Ministry of Public Works
- In office 27 October 1965 – 3 April 1967
- Prime Minister: Süleyman Demirel
- Preceded by: Orhan Alp
- Succeeded by: Orhan Alp

Personal details
- Born: 1913 Kütahya, Ottoman Empire
- Died: 1998 (aged 84–85) Ankara, Turkey
- Party: Justice Party (AP)
- Education: Civil engineering
- Alma mater: Istanbul Technical University
- Occupation: Civil servant, politician
- Profession: Civil engineering

= Etem Erdinç =

Turkish politician

İbrahim Etem Erdinç (1913–1998) was a Turkish civil engineer, politician and a former government minister.

Etem Erdinç was born in Kütahya in 1913. In 1937 he graduated from the Istanbul Engineers' School (later named Istanbul Technical University) . He served for Turkish State Railways (TCDD). He was the regional director of TCDD in Sivas.

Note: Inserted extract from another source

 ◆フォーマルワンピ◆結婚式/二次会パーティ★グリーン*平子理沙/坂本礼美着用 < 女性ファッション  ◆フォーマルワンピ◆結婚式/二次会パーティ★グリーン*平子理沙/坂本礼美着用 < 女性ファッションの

He joined the Democrat Party (DP) and was elected deputy from Sivas Province in the 10th Parliament of Turkey between 1954 and 1957. He returned to politics after 1964 as a member of Justice Party (AP). In the elections for the 1/3 of the Turkish Senate held on 7 June 1964 he was elected senator from Kütahya Province. He kept this seat up to 14 October 1973. In the 30th government of Turkey he was appointed as the Ministry of Public Works serving between 27 October 1965 and 3 April 1967.

He was married and father of three. He died in 1998.